**Required action**:
A verbatim copy of the data is wanted, minus any picture in it.

**Data block**:
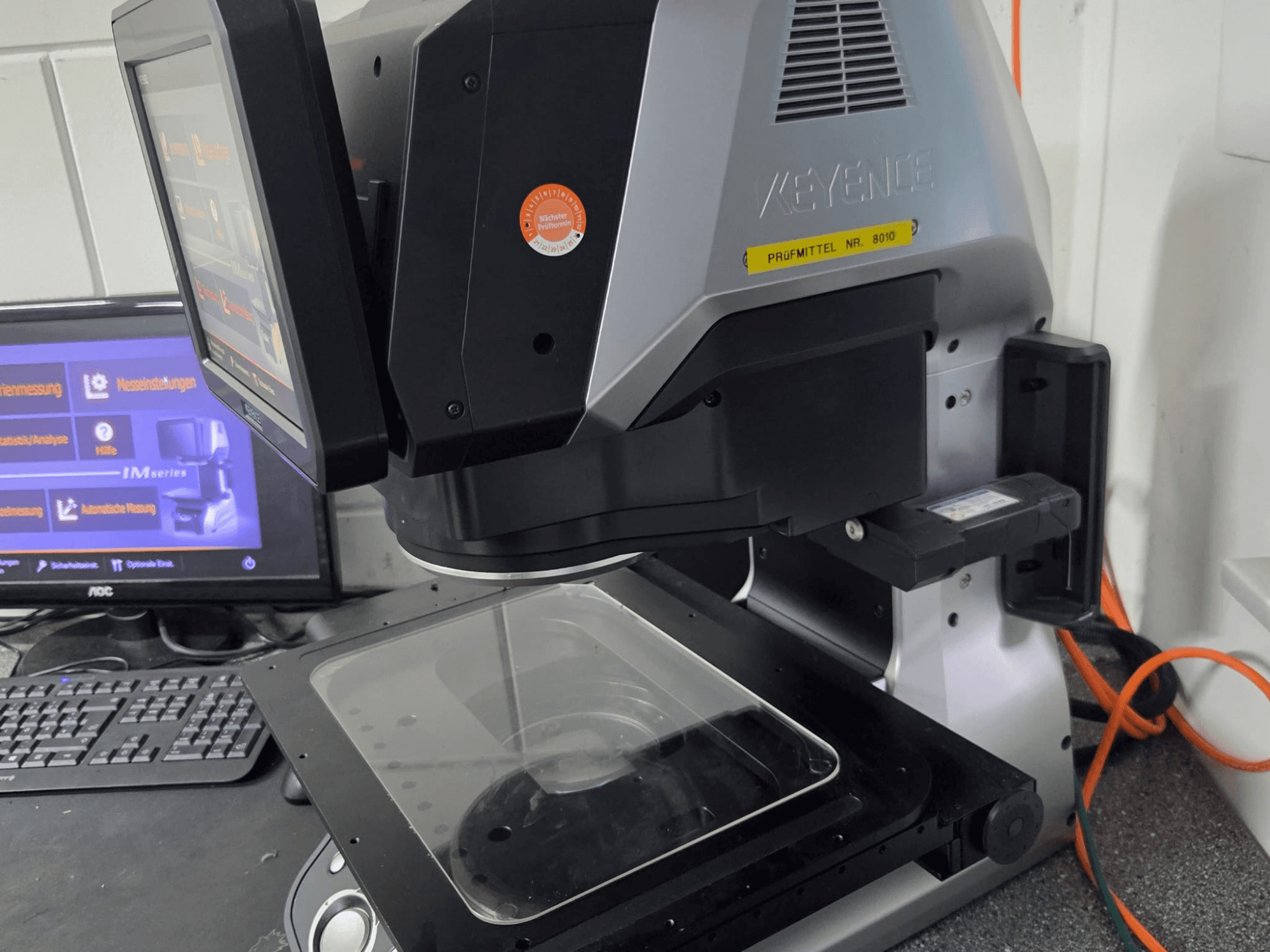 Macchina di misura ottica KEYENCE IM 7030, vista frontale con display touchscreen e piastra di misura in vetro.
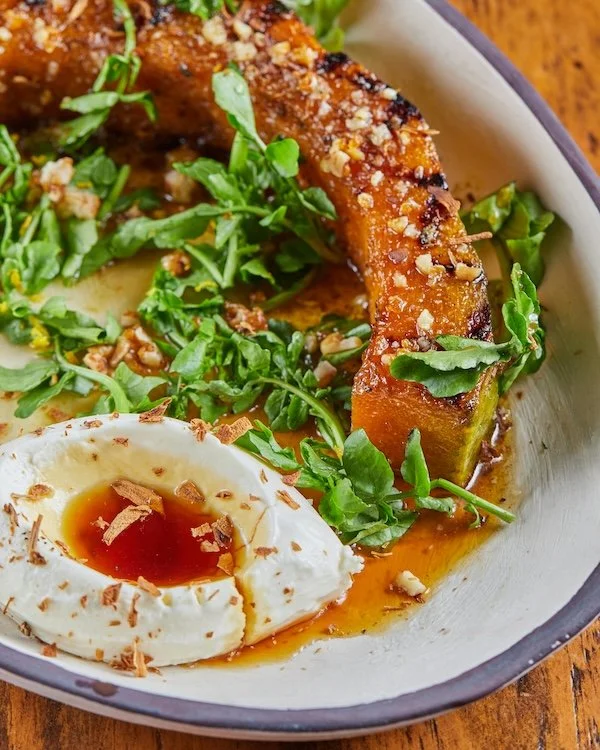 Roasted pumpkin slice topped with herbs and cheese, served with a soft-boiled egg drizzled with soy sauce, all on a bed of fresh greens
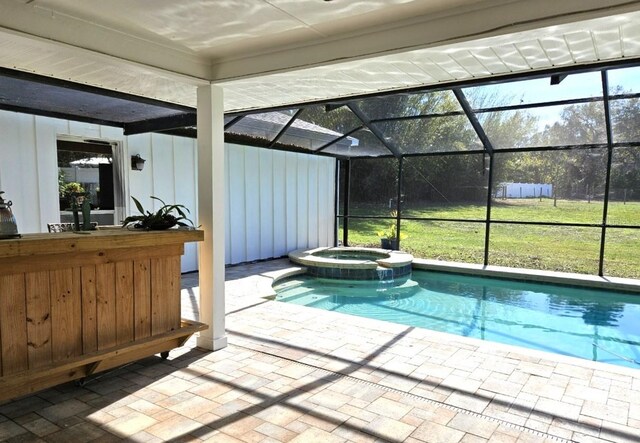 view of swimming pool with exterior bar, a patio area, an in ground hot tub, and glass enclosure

**Task output**:
 Macchina di misura ottica KEYENCE IM 7030, vista frontale con display touchscreen e piastra di misura in vetro.
 Roasted pumpkin slice topped with herbs and cheese, served with a soft-boiled egg drizzled with soy sauce, all on a bed of fresh greens
 view of swimming pool with exterior bar, a patio area, an in ground hot tub, and glass enclosure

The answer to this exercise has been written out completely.